Task input START

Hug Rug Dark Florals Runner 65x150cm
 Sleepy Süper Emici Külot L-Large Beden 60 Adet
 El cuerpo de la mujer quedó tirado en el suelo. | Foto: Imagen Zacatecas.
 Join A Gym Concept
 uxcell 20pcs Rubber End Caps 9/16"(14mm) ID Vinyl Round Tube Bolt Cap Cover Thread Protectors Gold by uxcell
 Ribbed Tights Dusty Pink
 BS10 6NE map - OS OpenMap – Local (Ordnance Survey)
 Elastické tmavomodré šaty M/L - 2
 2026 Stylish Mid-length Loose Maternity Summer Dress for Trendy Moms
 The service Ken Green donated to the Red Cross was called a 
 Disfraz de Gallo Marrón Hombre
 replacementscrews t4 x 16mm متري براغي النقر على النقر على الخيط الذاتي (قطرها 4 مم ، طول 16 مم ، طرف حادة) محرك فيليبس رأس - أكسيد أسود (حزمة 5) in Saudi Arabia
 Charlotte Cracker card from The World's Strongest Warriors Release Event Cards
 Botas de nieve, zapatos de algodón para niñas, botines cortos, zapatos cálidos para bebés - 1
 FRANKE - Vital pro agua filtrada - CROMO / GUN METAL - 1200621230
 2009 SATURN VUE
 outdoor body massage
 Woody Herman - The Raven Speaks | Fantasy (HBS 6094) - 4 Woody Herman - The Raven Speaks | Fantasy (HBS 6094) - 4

Task input END

__Problem details__. Write out exactly those lines running from the line with "The service Ken" to the end of the data above, the first and last included.

__Result of the task__.
 The service Ken Green donated to the Red Cross was called a 
 Disfraz de Gallo Marrón Hombre
 replacementscrews t4 x 16mm متري براغي النقر على النقر على الخيط الذاتي (قطرها 4 مم ، طول 16 مم ، طرف حادة) محرك فيليبس رأس - أكسيد أسود (حزمة 5) in Saudi Arabia
 Charlotte Cracker card from The World's Strongest Warriors Release Event Cards
 Botas de nieve, zapatos de algodón para niñas, botines cortos, zapatos cálidos para bebés - 1
 FRANKE - Vital pro agua filtrada - CROMO / GUN METAL - 1200621230
 2009 SATURN VUE
 outdoor body massage
 Woody Herman - The Raven Speaks | Fantasy (HBS 6094) - 4 Woody Herman - The Raven Speaks | Fantasy (HBS 6094) - 4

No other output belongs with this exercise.